Cut to the Commission of Inquiry probing the Koregaon-Bhima violence of 2018, examined in detail in the first part of this series, and we see the evidence on record demonstrating distinct similarities to the Gadchiroli case. For one, no involvement in the violence, much less in any terrorist act, could be inferred against any of the Elgar Parishad accused—the BK16.

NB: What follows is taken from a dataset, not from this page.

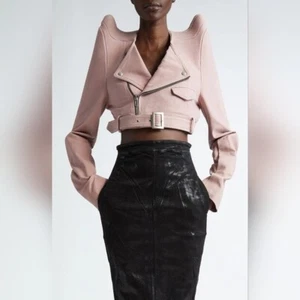 $4,280 Rick Owens Tec Micro Biker Jacket Size 4 - Picture 1 of 13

Among the police officials who testified before the commission is Shivaji Pawar, the investigating officer in the Elgar Parishad case from January 2018 until the NIA took over in 2020, and to whose Zone I in Pune city the case was inexplicably transferred. On 28 February 2023, Pawar stated before the commission that, among the superior officers who guided him in that investigation, were the very same officers who conducted and guided the investigations into the Gadchiroli case.

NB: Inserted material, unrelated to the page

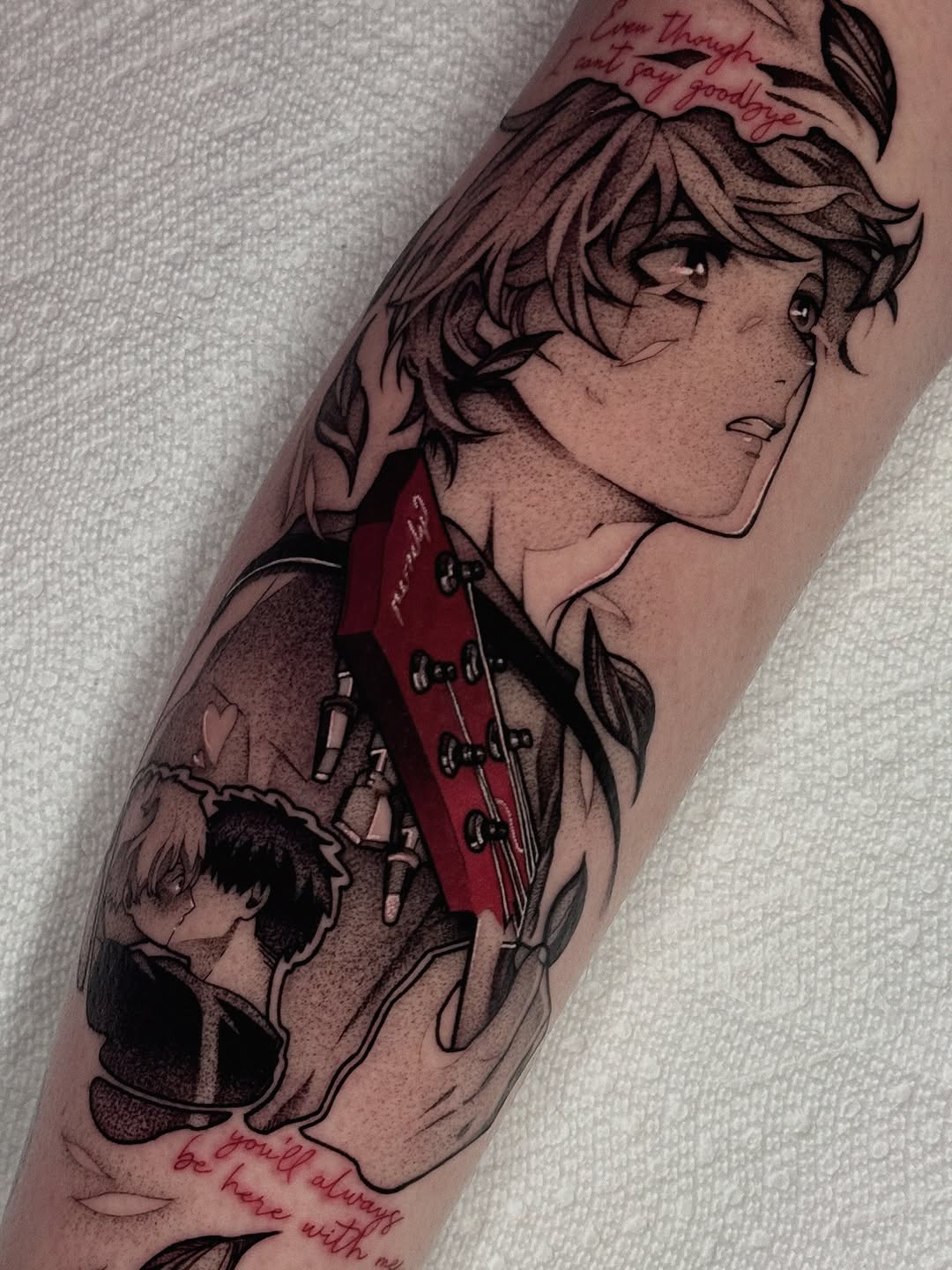 Tattoo by @xq.ink — anime, lettering_script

One of Pawar’s guides was Suhas Bawche, a deputy commissioner who was not even responsible for Pawar’s jurisdiction in Pune, but for Zone II. Bawche was the deputy superintendent in Gadchiroli district and conducted the specious investigation from August 2013 onwards, and steered the prosecution in a trial that eventually failed to stand the test of law. It only resulted in the six defenders’ unwarranted incarceration over an average of about eight to nine years.
Another officer named by Pawar before the commission was Bawche’s guide and instructor in the Gadchiroli case: Ravindra Kadam, then a deputy inspector general, who subsequently became joint commissioner at Pune, and retired shortly thereafter. It needs only the joining of dots to realise how the very same officer trio went on to form a core of the cabal that tucked the feather of the Elgar Parishad case on the Pune Police’s cap.

A monstrous edifice for a case founded on clay
As detailed in the first part, Pawar was questioned multiple times during his cross-examination about any evidence regarding the involvement of anyone from the BK16, in the evidence of the violence extensively recorded before the commission. In defence, Pawar did not refer to anything on the commission record—which included scores of police reports and chargesheets encapsulating all the possible violence that occurred surrounding the bicentennial Bhima Koregaon commemoration. Instead, he repeatedly cited the Elgar Parishad chargesheets—comprising tens of thousands of pages of documents, not one of which contained even an iota of evidence to link the mob violence at Koregaon Bhima on 1 January 2018 with the Elgar Parishad of 31 December 2017.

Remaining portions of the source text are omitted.